Illegal immigration and drug trafficking in this little stretch of Texas real-estate just across the border from Mexico, has become a boomtown for human smugglers and drug cartels, easily laundering their illicit cash bounty, in exchange for luxury goods, such as Rolex’s and imported African diamonds, with many high-end jewelry stores looking the other way, thus becoming a vital part of the revenue stream within the illicit business of illegal immigration including the drug trade.
“It’s all about smuggling here,” said a federal law-enforcement source. “Whether it’s drugs, or people smuggling, the cartels are laundering their cash right here.”
However in order for human smugglers and the drug cartels to flourish on our side of the border, criminals need to pay off the local politicians and law enforcement. One such individual was a former Democratic county sheriff named Guadalupe “Lupe” Trevino, a charismatic character and one of the most influential and powerful lawmen within the state.
Trevino was finally brought to justice in 2014, accused and convicted of laundering drug money for the Mexican cartels. In one such transaction he took $120,000 from convicted kingpin Tomas “El Gallo” Gonzalez.
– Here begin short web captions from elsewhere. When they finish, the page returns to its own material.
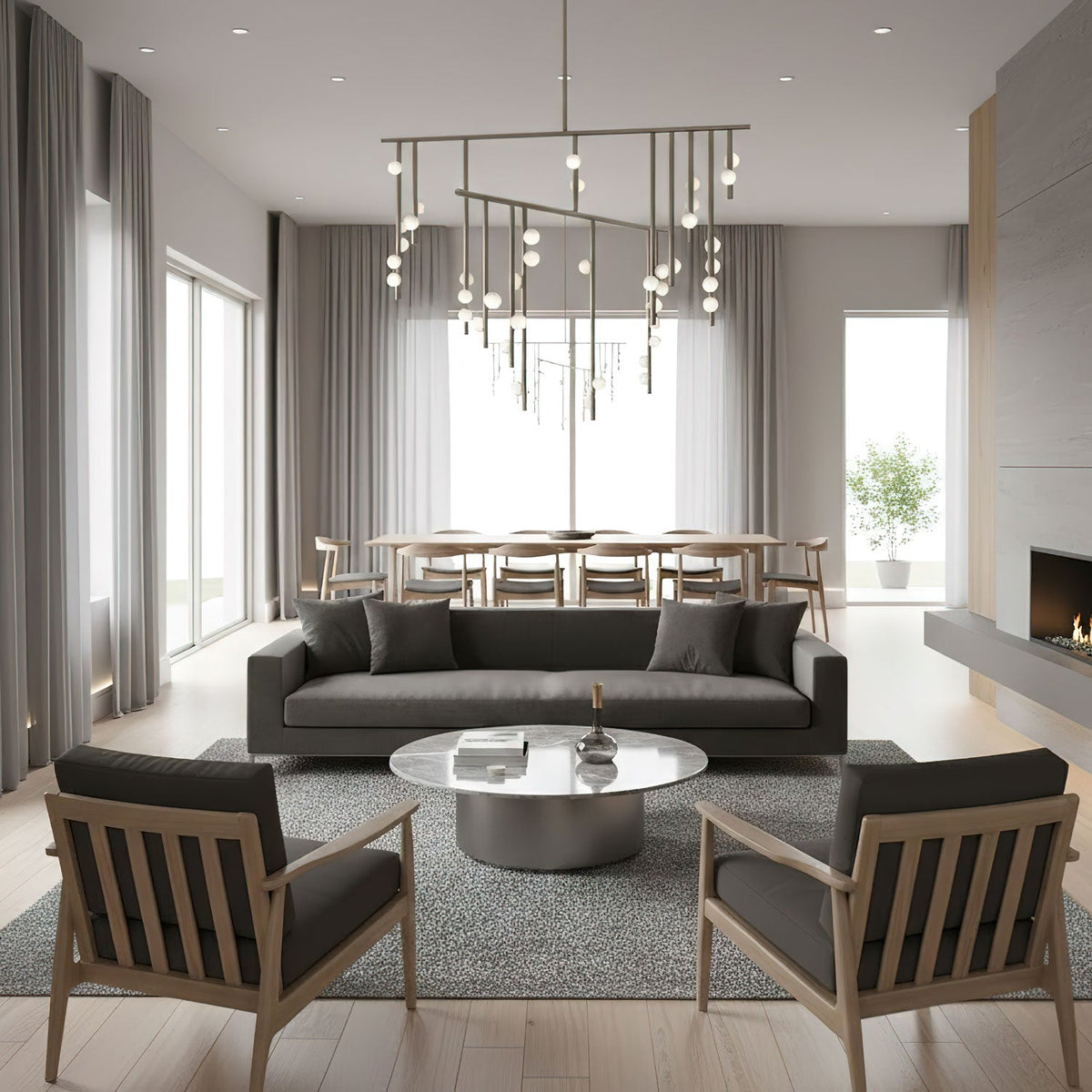 A Clérachic chandelier with brass bars and white orbs over a long dining table in a pale grey open-plan room, with a dark sofa in front.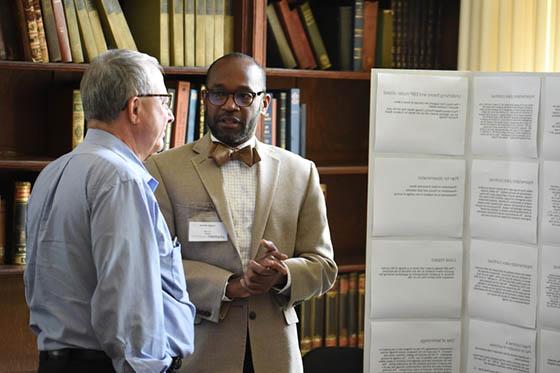 Photo of a man presenting a poster to another man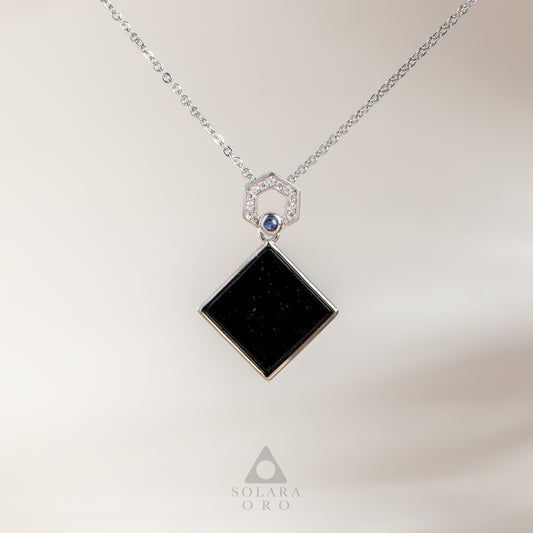 Necklace with a black square pendant and blue gemstone on a light background, featuring the brand 'Solara Oro'.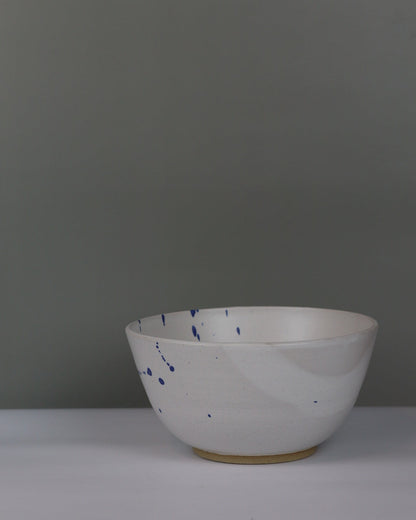 white and blue ceramic bowl on a grey background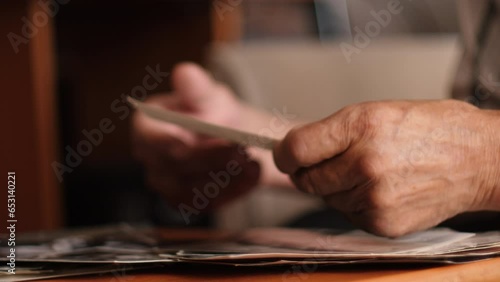 the hands of an old man are holding old family black and white photos. feelings of nostalgia, memories, emotions of an elderly person. old father looking at home photo archive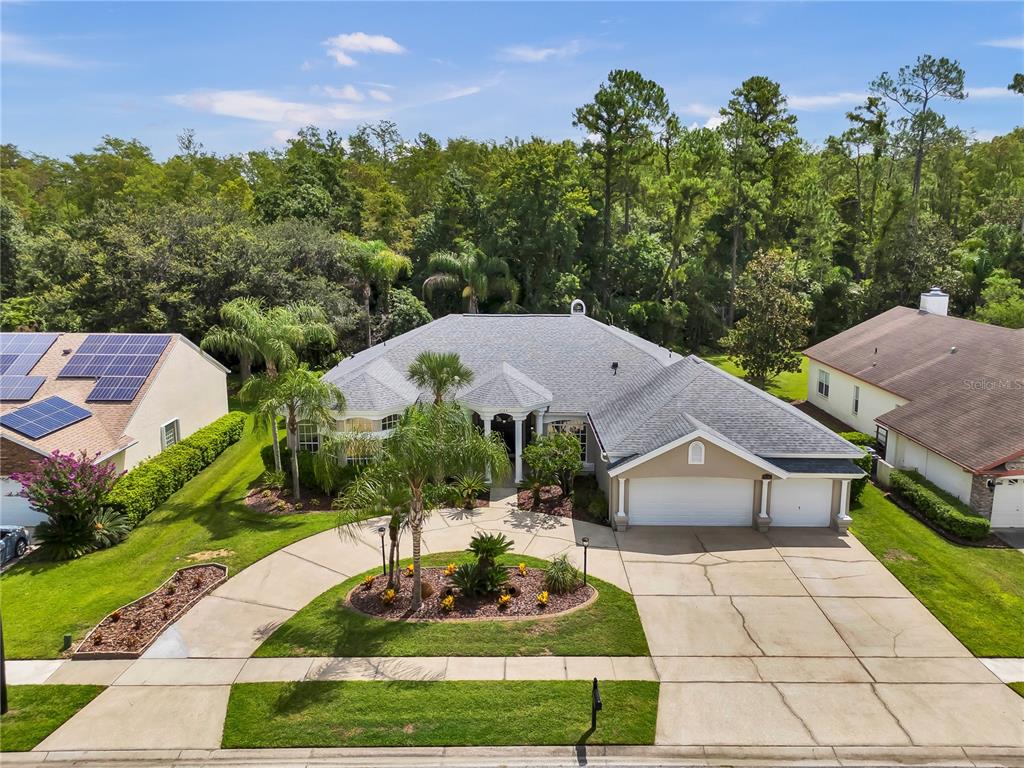 An aerial view shows a single-story house with a circular driveway and a landscaped island — 4749 SUDBURY DRIVE, ORLANDO, FL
Some of that cash went to his re-election campaign, prosecutors said.
In another incident Trevino allowed the owner of a trucking business who regularly traveled across the border using his business as a front to easily transport drugs without being detected. Trevino was finally caught and sentenced to just five years in federal prison and released in January.
Trevino including the entire squad under his command at the time of his arrest, had links to the Gulf Cartel, which is said to be one of the oldest criminal syndicates in Mexico, known by its Spanish-language acronym, CDG.
The cartels have also expanded their criminal empire to include the extremely lucrative business of human trafficking, forcing migrants who wish to come to America to pay thousands of dollars hoping to be smuggled across the Rio Grande Valley into the United States, and into nearby border towns like McAllen.
Rodolfo Karisch, chief patrol agent for the Rio Grande Valley Section of US Border Patrol, said in testimony to the Senate last week, “The current migration patterns have reaped huge profits for the transnational criminal organizations that use smuggling as a cash flow source.”
Once the migrants make it across the border, they’re hidden in stash houses within the border towns and forcibly detained for weeks until the smugglers can extort even more money from family members in the United Sates, threatening to either use the migrant as drug mules or if it’s a female threaten to exploit her as a sex slave, if they do not pay.
The stash houses are usually nondescript large homes nestled within middle-class neighborhoods, the smugglers usually pay cash upfront to rent the homes for up to 6-months, with a little extra cash up front to the rental agents, to simply look the other way. The homes can hold dozens of migrants indefinitely.
Typically, local teenagers are used to deliver the migrants to the stash houses earning between $250 and $300 in cash per migrant.